Short text fragments from websites:
----

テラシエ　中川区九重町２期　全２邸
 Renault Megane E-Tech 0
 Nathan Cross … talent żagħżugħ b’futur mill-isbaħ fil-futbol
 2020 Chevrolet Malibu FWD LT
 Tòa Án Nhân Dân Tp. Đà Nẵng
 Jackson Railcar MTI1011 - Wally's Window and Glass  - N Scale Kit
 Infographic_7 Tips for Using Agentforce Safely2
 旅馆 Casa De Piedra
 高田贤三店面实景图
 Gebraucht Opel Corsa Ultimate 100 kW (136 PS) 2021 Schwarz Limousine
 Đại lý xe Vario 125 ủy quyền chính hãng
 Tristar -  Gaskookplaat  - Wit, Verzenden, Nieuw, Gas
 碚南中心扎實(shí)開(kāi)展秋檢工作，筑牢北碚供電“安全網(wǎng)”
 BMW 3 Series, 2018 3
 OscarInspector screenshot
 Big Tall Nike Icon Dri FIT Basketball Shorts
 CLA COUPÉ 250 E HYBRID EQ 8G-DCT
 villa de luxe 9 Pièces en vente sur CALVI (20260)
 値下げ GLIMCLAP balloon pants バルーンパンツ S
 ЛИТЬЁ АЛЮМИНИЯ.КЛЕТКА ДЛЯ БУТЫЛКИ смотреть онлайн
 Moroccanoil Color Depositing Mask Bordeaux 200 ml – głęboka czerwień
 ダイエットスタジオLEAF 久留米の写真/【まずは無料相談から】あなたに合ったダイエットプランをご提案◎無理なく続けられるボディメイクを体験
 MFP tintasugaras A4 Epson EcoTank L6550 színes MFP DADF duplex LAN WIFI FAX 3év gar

----

What you should do: The line with "Renault Megane E-Tech 0" through the last line of the data: write these out exactly, and no others.

Response below:
 Renault Megane E-Tech 0
 Nathan Cross … talent żagħżugħ b’futur mill-isbaħ fil-futbol
 2020 Chevrolet Malibu FWD LT
 Tòa Án Nhân Dân Tp. Đà Nẵng
 Jackson Railcar MTI1011 - Wally's Window and Glass  - N Scale Kit
 Infographic_7 Tips for Using Agentforce Safely2
 旅馆 Casa De Piedra
 高田贤三店面实景图
 Gebraucht Opel Corsa Ultimate 100 kW (136 PS) 2021 Schwarz Limousine
 Đại lý xe Vario 125 ủy quyền chính hãng
 Tristar -  Gaskookplaat  - Wit, Verzenden, Nieuw, Gas
 碚南中心扎實(shí)開(kāi)展秋檢工作，筑牢北碚供電“安全網(wǎng)”
 BMW 3 Series, 2018 3
 OscarInspector screenshot
 Big Tall Nike Icon Dri FIT Basketball Shorts
 CLA COUPÉ 250 E HYBRID EQ 8G-DCT
 villa de luxe 9 Pièces en vente sur CALVI (20260)
 値下げ GLIMCLAP balloon pants バルーンパンツ S
 ЛИТЬЁ АЛЮМИНИЯ.КЛЕТКА ДЛЯ БУТЫЛКИ смотреть онлайн
 Moroccanoil Color Depositing Mask Bordeaux 200 ml – głęboka czerwień
 ダイエットスタジオLEAF 久留米の写真/【まずは無料相談から】あなたに合ったダイエットプランをご提案◎無理なく続けられるボディメイクを体験
 MFP tintasugaras A4 Epson EcoTank L6550 színes MFP DADF duplex LAN WIFI FAX 3év gar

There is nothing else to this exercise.